Work required:
Start to finish, copy the data exactly.

Records from a dataset:
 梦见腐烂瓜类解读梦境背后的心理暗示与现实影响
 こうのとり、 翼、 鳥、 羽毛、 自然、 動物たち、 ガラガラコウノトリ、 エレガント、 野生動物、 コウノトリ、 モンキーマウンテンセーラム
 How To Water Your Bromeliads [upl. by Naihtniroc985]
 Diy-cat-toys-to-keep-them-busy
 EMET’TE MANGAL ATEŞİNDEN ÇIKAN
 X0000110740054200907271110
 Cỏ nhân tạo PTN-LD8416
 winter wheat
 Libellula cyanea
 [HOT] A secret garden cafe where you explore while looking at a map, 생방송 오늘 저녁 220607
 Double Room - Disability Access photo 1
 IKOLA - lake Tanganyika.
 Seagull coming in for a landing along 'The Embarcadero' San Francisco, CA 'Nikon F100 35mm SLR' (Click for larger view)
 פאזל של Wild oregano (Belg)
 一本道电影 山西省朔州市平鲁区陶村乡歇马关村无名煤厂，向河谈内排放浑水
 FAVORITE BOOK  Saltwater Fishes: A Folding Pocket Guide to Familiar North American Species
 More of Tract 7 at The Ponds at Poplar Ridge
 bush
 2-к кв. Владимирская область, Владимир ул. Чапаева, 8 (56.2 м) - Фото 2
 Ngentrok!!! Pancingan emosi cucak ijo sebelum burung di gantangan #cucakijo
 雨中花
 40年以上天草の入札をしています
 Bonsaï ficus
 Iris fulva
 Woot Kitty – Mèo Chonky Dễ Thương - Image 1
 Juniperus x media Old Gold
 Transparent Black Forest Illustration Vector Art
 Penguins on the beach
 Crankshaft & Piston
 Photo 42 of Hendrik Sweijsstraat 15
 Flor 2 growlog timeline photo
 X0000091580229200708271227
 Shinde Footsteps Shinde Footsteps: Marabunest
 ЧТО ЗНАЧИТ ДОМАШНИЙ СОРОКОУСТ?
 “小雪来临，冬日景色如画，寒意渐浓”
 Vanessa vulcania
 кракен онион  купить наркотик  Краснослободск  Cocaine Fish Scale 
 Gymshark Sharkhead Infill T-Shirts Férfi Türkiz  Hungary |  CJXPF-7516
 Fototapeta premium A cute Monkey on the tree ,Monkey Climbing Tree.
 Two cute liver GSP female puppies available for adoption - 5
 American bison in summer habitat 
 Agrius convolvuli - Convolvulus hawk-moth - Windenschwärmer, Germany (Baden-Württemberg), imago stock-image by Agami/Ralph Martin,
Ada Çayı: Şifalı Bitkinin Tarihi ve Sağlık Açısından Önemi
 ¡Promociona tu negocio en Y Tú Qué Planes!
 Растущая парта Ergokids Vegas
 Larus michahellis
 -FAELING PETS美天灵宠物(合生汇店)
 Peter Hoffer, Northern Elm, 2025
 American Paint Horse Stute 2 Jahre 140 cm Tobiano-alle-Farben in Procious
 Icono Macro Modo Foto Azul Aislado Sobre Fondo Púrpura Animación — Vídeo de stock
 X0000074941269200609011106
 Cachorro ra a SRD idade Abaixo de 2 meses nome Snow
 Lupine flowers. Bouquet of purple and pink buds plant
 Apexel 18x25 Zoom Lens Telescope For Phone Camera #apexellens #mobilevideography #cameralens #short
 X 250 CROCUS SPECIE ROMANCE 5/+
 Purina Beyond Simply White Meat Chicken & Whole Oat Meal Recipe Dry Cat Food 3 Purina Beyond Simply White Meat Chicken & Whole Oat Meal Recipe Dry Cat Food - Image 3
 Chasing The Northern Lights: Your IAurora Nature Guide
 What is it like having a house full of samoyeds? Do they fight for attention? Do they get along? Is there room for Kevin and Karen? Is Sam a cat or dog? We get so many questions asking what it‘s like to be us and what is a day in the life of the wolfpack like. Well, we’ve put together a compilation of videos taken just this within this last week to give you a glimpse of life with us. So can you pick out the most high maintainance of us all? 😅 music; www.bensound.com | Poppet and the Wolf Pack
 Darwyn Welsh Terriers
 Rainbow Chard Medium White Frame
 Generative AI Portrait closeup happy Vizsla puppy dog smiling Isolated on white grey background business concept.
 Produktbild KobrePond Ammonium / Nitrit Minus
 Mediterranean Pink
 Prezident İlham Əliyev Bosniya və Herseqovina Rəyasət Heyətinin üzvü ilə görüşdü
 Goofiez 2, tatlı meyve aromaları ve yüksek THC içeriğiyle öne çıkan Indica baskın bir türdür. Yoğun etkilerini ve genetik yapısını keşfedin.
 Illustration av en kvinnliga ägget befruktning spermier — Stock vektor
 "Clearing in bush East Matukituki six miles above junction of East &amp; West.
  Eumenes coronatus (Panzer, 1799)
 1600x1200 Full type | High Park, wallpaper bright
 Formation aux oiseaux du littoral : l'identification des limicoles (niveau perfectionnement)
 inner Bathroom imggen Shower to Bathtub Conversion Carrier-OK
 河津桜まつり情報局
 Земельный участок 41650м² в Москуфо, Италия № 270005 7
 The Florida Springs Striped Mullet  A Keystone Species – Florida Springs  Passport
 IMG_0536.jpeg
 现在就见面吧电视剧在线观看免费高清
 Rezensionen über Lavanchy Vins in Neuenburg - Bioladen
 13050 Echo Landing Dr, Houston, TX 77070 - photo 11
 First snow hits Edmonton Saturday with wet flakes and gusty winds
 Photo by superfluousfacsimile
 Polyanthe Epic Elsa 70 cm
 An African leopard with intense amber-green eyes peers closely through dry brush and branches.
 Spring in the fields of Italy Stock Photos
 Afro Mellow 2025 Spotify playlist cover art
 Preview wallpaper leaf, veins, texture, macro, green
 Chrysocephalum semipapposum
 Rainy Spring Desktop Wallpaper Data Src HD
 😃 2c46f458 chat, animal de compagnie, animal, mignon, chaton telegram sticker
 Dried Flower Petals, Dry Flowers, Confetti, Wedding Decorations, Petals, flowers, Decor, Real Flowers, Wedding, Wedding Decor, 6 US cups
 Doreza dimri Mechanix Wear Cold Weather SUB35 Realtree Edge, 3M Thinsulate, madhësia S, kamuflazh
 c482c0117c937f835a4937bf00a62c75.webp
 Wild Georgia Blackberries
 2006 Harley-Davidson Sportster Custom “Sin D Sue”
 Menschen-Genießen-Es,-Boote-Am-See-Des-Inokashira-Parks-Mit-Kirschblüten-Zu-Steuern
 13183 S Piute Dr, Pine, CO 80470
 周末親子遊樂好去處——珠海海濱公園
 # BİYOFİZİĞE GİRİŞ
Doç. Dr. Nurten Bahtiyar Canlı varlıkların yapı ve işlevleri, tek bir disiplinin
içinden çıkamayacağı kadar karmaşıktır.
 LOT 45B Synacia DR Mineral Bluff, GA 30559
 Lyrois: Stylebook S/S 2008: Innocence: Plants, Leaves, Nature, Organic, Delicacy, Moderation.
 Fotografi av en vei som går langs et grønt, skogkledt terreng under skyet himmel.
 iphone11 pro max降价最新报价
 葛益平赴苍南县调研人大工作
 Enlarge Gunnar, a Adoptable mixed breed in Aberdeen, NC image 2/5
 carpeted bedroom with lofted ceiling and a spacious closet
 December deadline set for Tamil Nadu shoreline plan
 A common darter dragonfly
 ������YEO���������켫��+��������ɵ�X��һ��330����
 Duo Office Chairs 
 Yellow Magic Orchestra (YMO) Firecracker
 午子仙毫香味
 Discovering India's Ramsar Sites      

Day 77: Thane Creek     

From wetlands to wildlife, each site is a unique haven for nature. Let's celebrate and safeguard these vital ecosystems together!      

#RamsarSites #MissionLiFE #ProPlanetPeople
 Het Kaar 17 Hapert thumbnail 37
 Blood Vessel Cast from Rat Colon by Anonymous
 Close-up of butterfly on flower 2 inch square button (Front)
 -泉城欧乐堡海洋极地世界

Final answer:
 梦见腐烂瓜类解读梦境背后的心理暗示与现实影响
 こうのとり、 翼、 鳥、 羽毛、 自然、 動物たち、 ガラガラコウノトリ、 エレガント、 野生動物、 コウノトリ、 モンキーマウンテンセーラム
 How To Water Your Bromeliads [upl. by Naihtniroc985]
 Diy-cat-toys-to-keep-them-busy
 EMET’TE MANGAL ATEŞİNDEN ÇIKAN
 X0000110740054200907271110
 Cỏ nhân tạo PTN-LD8416
 winter wheat
 Libellula cyanea
 [HOT] A secret garden cafe where you explore while looking at a map, 생방송 오늘 저녁 220607
 Double Room - Disability Access photo 1
 IKOLA - lake Tanganyika.
 Seagull coming in for a landing along 'The Embarcadero' San Francisco, CA 'Nikon F100 35mm SLR' (Click for larger view)
 פאזל של Wild oregano (Belg)
 一本道电影 山西省朔州市平鲁区陶村乡歇马关村无名煤厂，向河谈内排放浑水
 FAVORITE BOOK  Saltwater Fishes: A Folding Pocket Guide to Familiar North American Species
 More of Tract 7 at The Ponds at Poplar Ridge
 bush
 2-к кв. Владимирская область, Владимир ул. Чапаева, 8 (56.2 м) - Фото 2
 Ngentrok!!! Pancingan emosi cucak ijo sebelum burung di gantangan #cucakijo
 雨中花
 40年以上天草の入札をしています
 Bonsaï ficus
 Iris fulva
 Woot Kitty – Mèo Chonky Dễ Thương - Image 1
 Juniperus x media Old Gold
 Transparent Black Forest Illustration Vector Art
 Penguins on the beach
 Crankshaft & Piston
 Photo 42 of Hendrik Sweijsstraat 15
 Flor 2 growlog timeline photo
 X0000091580229200708271227
 Shinde Footsteps Shinde Footsteps: Marabunest
 ЧТО ЗНАЧИТ ДОМАШНИЙ СОРОКОУСТ?
 “小雪来临，冬日景色如画，寒意渐浓”
 Vanessa vulcania
 кракен онион  купить наркотик  Краснослободск  Cocaine Fish Scale 
 Gymshark Sharkhead Infill T-Shirts Férfi Türkiz  Hungary |  CJXPF-7516
 Fototapeta premium A cute Monkey on the tree ,Monkey Climbing Tree.
 Two cute liver GSP female puppies available for adoption - 5
 American bison in summer habitat 
 Agrius convolvuli - Convolvulus hawk-moth - Windenschwärmer, Germany (Baden-Württemberg), imago stock-image by Agami/Ralph Martin,
Ada Çayı: Şifalı Bitkinin Tarihi ve Sağlık Açısından Önemi
 ¡Promociona tu negocio en Y Tú Qué Planes!
 Растущая парта Ergokids Vegas
 Larus michahellis
 -FAELING PETS美天灵宠物(合生汇店)
 Peter Hoffer, Northern Elm, 2025
 American Paint Horse Stute 2 Jahre 140 cm Tobiano-alle-Farben in Procious
 Icono Macro Modo Foto Azul Aislado Sobre Fondo Púrpura Animación — Vídeo de stock
 X0000074941269200609011106
 Cachorro ra a SRD idade Abaixo de 2 meses nome Snow
 Lupine flowers. Bouquet of purple and pink buds plant
 Apexel 18x25 Zoom Lens Telescope For Phone Camera #apexellens #mobilevideography #cameralens #short
 X 250 CROCUS SPECIE ROMANCE 5/+
 Purina Beyond Simply White Meat Chicken & Whole Oat Meal Recipe Dry Cat Food 3 Purina Beyond Simply White Meat Chicken & Whole Oat Meal Recipe Dry Cat Food - Image 3
 Chasing The Northern Lights: Your IAurora Nature Guide
 What is it like having a house full of samoyeds? Do they fight for attention? Do they get along? Is there room for Kevin and Karen? Is Sam a cat or dog? We get so many questions asking what it‘s like to be us and what is a day in the life of the wolfpack like. Well, we’ve put together a compilation of videos taken just this within this last week to give you a glimpse of life with us. So can you pick out the most high maintainance of us all? 😅 music; www.bensound.com | Poppet and the Wolf Pack
 Darwyn Welsh Terriers
 Rainbow Chard Medium White Frame
 Generative AI Portrait closeup happy Vizsla puppy dog smiling Isolated on white grey background business concept.
 Produktbild KobrePond Ammonium / Nitrit Minus
 Mediterranean Pink
 Prezident İlham Əliyev Bosniya və Herseqovina Rəyasət Heyətinin üzvü ilə görüşdü
 Goofiez 2, tatlı meyve aromaları ve yüksek THC içeriğiyle öne çıkan Indica baskın bir türdür. Yoğun etkilerini ve genetik yapısını keşfedin.
 Illustration av en kvinnliga ägget befruktning spermier — Stock vektor
 "Clearing in bush East Matukituki six miles above junction of East &amp; West.
  Eumenes coronatus (Panzer, 1799)
 1600x1200 Full type | High Park, wallpaper bright
 Formation aux oiseaux du littoral : l'identification des limicoles (niveau perfectionnement)
 inner Bathroom imggen Shower to Bathtub Conversion Carrier-OK
 河津桜まつり情報局
 Земельный участок 41650м² в Москуфо, Италия № 270005 7
 The Florida Springs Striped Mullet  A Keystone Species – Florida Springs  Passport
 IMG_0536.jpeg
 现在就见面吧电视剧在线观看免费高清
 Rezensionen über Lavanchy Vins in Neuenburg - Bioladen
 13050 Echo Landing Dr, Houston, TX 77070 - photo 11
 First snow hits Edmonton Saturday with wet flakes and gusty winds
 Photo by superfluousfacsimile
 Polyanthe Epic Elsa 70 cm
 An African leopard with intense amber-green eyes peers closely through dry brush and branches.
 Spring in the fields of Italy Stock Photos
 Afro Mellow 2025 Spotify playlist cover art
 Preview wallpaper leaf, veins, texture, macro, green
 Chrysocephalum semipapposum
 Rainy Spring Desktop Wallpaper Data Src HD
 😃 2c46f458 chat, animal de compagnie, animal, mignon, chaton telegram sticker
 Dried Flower Petals, Dry Flowers, Confetti, Wedding Decorations, Petals, flowers, Decor, Real Flowers, Wedding, Wedding Decor, 6 US cups
 Doreza dimri Mechanix Wear Cold Weather SUB35 Realtree Edge, 3M Thinsulate, madhësia S, kamuflazh
 c482c0117c937f835a4937bf00a62c75.webp
 Wild Georgia Blackberries
 2006 Harley-Davidson Sportster Custom “Sin D Sue”
 Menschen-Genießen-Es,-Boote-Am-See-Des-Inokashira-Parks-Mit-Kirschblüten-Zu-Steuern
 13183 S Piute Dr, Pine, CO 80470
 周末親子遊樂好去處——珠海海濱公園
 # BİYOFİZİĞE GİRİŞ
Doç. Dr. Nurten Bahtiyar Canlı varlıkların yapı ve işlevleri, tek bir disiplinin
içinden çıkamayacağı kadar karmaşıktır.
 LOT 45B Synacia DR Mineral Bluff, GA 30559
 Lyrois: Stylebook S/S 2008: Innocence: Plants, Leaves, Nature, Organic, Delicacy, Moderation.
 Fotografi av en vei som går langs et grønt, skogkledt terreng under skyet himmel.
 iphone11 pro max降价最新报价
 葛益平赴苍南县调研人大工作
 Enlarge Gunnar, a Adoptable mixed breed in Aberdeen, NC image 2/5
 carpeted bedroom with lofted ceiling and a spacious closet
 December deadline set for Tamil Nadu shoreline plan
 A common darter dragonfly
 ������YEO���������켫��+��������ɵ�X��һ��330����
 Duo Office Chairs 
 Yellow Magic Orchestra (YMO) Firecracker
 午子仙毫香味
 Discovering India's Ramsar Sites      

Day 77: Thane Creek     

From wetlands to wildlife, each site is a unique haven for nature. Let's celebrate and safeguard these vital ecosystems together!      

#RamsarSites #MissionLiFE #ProPlanetPeople
 Het Kaar 17 Hapert thumbnail 37
 Blood Vessel Cast from Rat Colon by Anonymous
 Close-up of butterfly on flower 2 inch square button (Front)
 -泉城欧乐堡海洋极地世界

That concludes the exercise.